Dave wrote on Mar 16
th, 2006 at 2:38pm:
Am I right in saying that in these circumstances, subscribers make a local call by dialing 10 digits (ie WITHOUT the leading 1)? In which case, there is infact spare numbering capacity which can never be used because the 1 isn't compulsory when dialing a code, unlike its 0 equivalent in the UK.
For those long distance calls, the code must be prefixed with 1. Have I got this right?
Idb indicated earlier that you may have different local and long-distance telecoms providers. I assume - but, again, perhaps someone in N.America could confirm - that it's the 1- prefix that sends the call
via the long-distance provider.
Dave wrote on Mar 16
th, 2006 at 2:38pm:
Isn't this a backward step that a so-called numbering plan ends up with a hotch-potch of unrelated codes overlapping in one area? Thus, they are not codes, but prefixes for numbers as they must be dialed as one. Surely it would make more sense if they would bite the bullet and add another digit to all local numbers.

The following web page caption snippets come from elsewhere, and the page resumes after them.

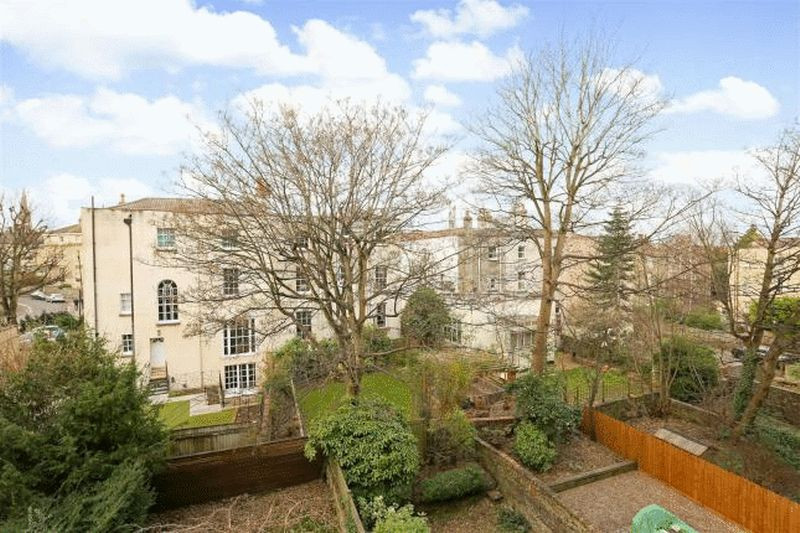 Student studio flat to rent on Buckingham Place, Bristol, BS8 1LH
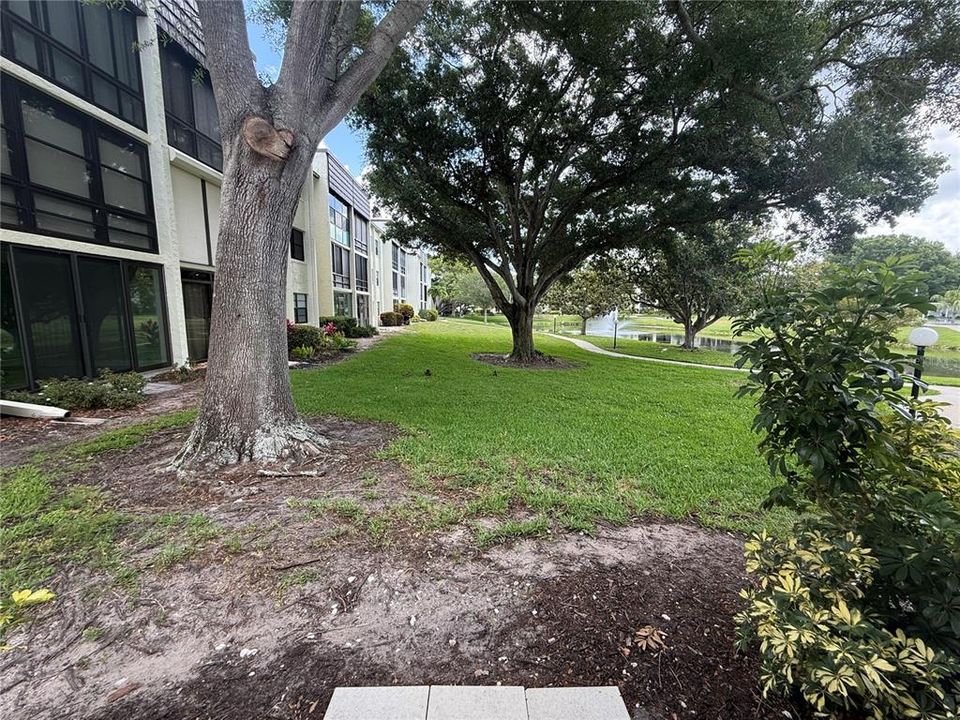 For Sale: $154,900 (1 beds, 1 baths, 660 Square Feet)
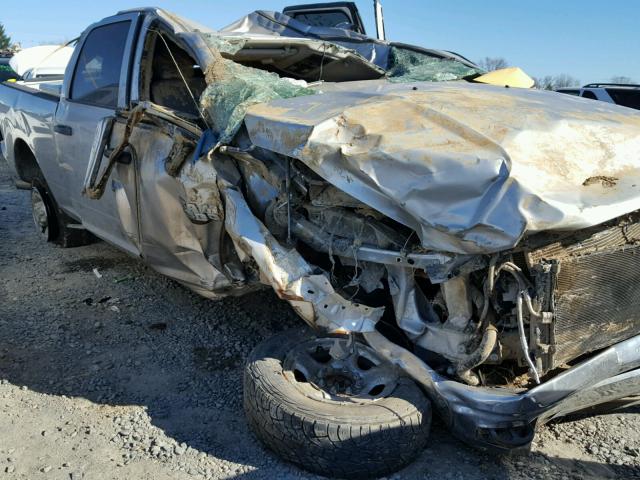3C6UR5CL0DG565836 - 2013 RAM 2500 ST SILVER photo 9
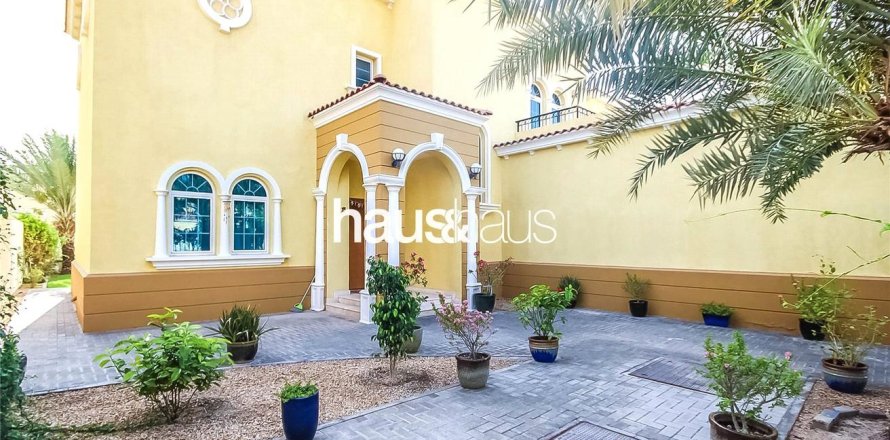 Villa in Legacy, Jumeirah Park, Dubai 3 bedrooms, 285 sq.m. № 44500
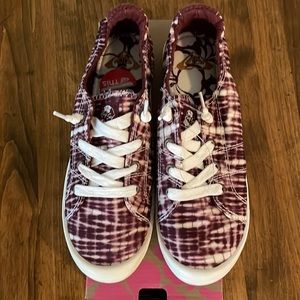 NWT Roxy Bayshore III Color DRD Women’s Shoes Size 8.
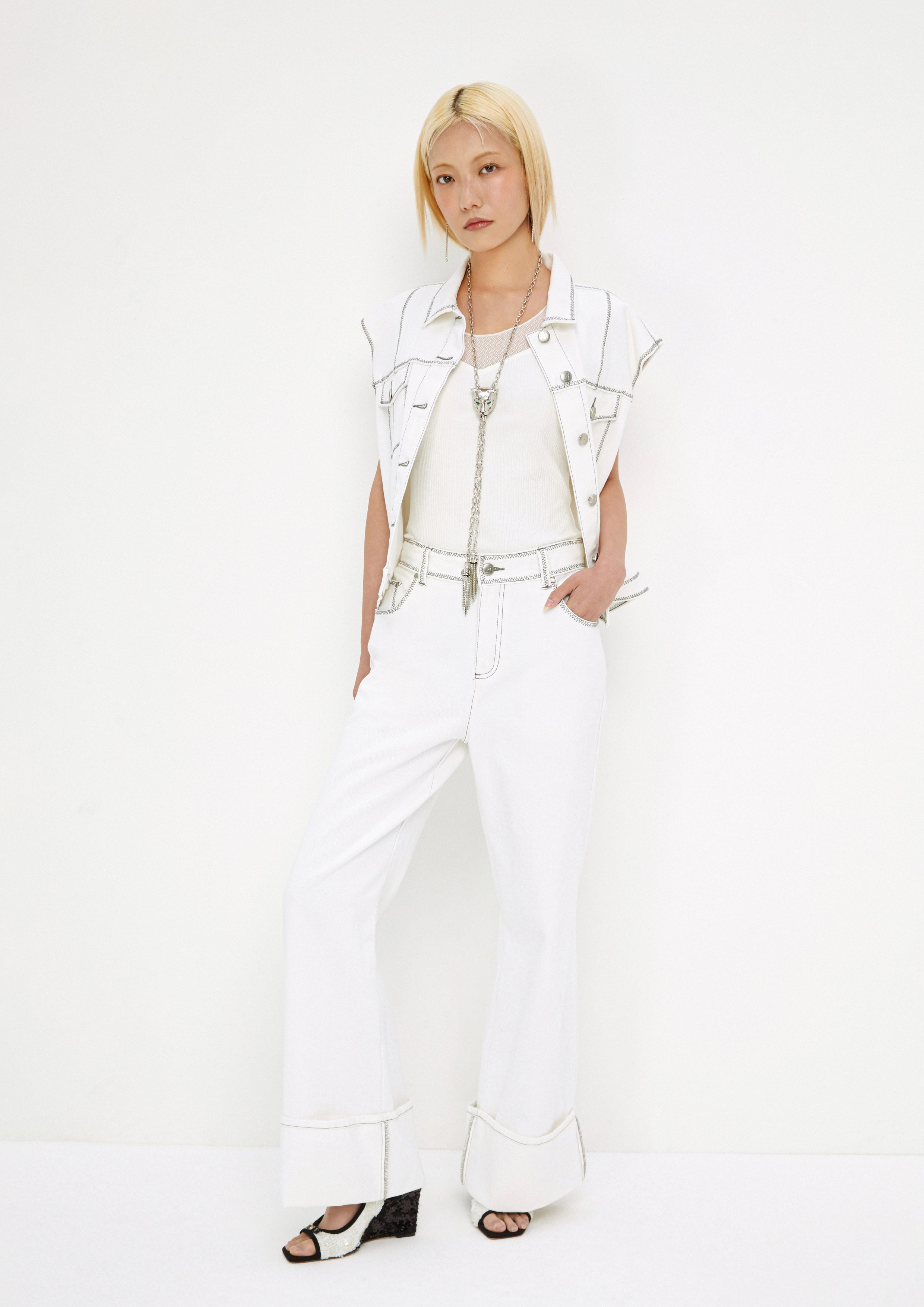Contrast Stitching Sleeveless Vest Mist Through The Pine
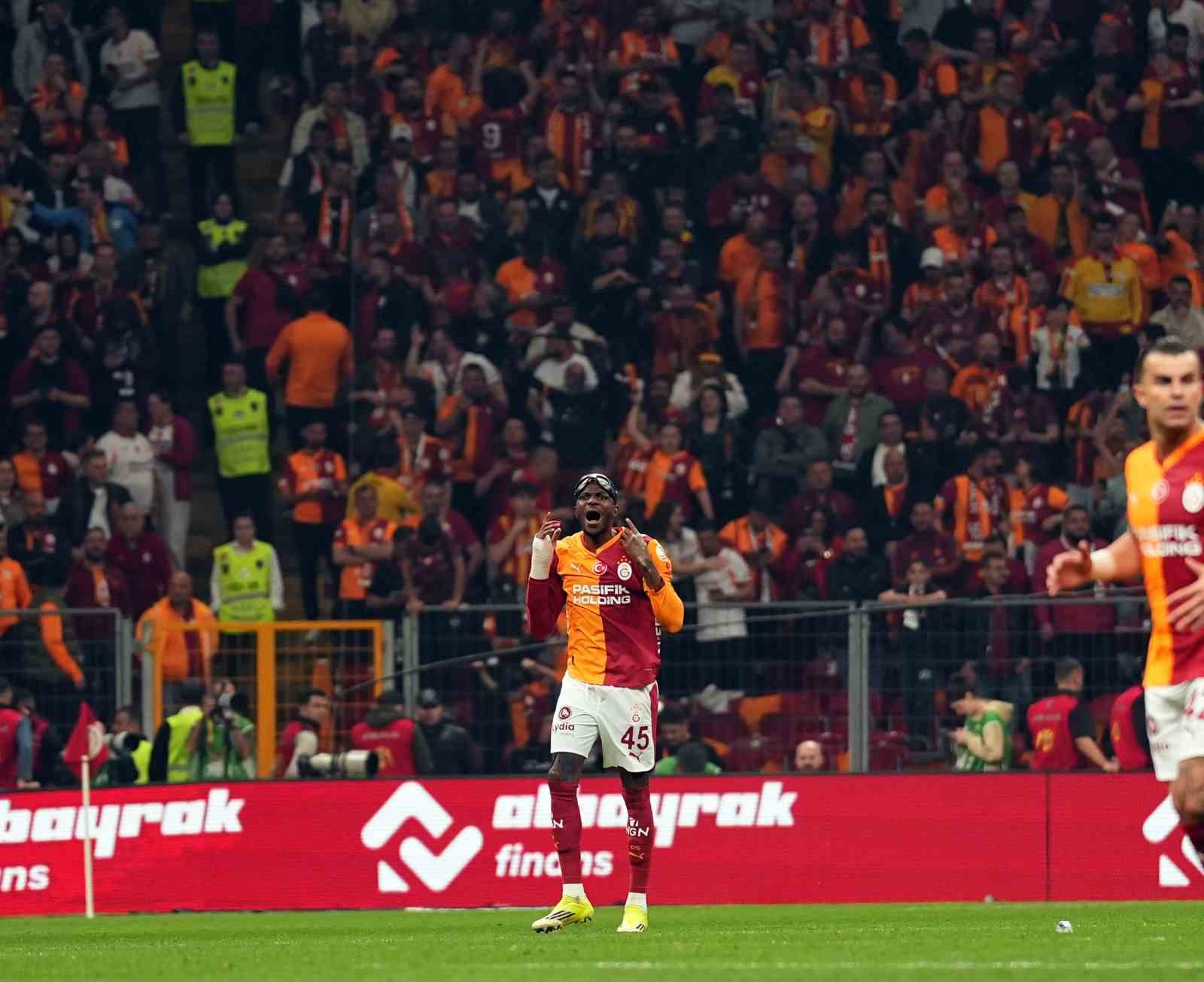 Trendyol Süper Lig: Galatasaray: 1 - Fenerbahçe: 0 (İlk yarı)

That's one of the reasons I was maintaining yesterday that the NANPA system is not so clear & simple as others were claiming!
Dave wrote on Mar 16
th, 2006 at 2:38pm:
In a similar fashion, I have read that the 029 code (currently used for Cardiff) may be used for the whole of Wales. So is this good or bad to have 3 digit codes covering large areas such as Wales and Northern Ireland and still have others that have 5+6 numbers?
We agreed earlier that this is good for a large metropolitan area like London. Arguably, it's also good for a self-contained area like N.Ireland, so you don't bother with the code anywhere within that area. For Wales, I'd be less sure - in one sense it's self-contained, but if you're nearer the English border then ... . OTOH, if you equate it to a less populated US State having a single area code, then maybe it's sensible?
At least (for most users) it doesn't now affect the cost of a call - just how many digits you have to dial: we're agreed that 10 is too many for local calls (like US overlay areas) and that 8 is OK for London, so maybe 8 is OK for any 'sensible' 'well-defined' area.
Dave wrote on Mar 16
th, 2006 at 1:29pm:
Also, isn't it a contradiction in terms to have mobiles using geographical numbers? I mean, a geographical number, by definition, relates to a particular location. So do you get a number local to where you live for your mobile in the US?
I believe so.
Dave wrote on Mar 16
th, 2006 at 2:38pm:
But in the US the mobile networks are more like the patches on a patchwork quilt, are they not? So you may move from one part of the country and have to change providers, or is that more to do with roaming, something that you have to do when you move about the country anyway?
I'm sure that some big providers are national in the US, but some maybe local. I guess it's permanent 'roaming' if you stay with the old number at the new address, possibly with the result of having more 'long-distance' calls when calling within your new area. So even if you stay with the same provider, you may have to change numbers - one of the advantages of our non-geo mobile numbers - our numbering plan does have some sensible bits!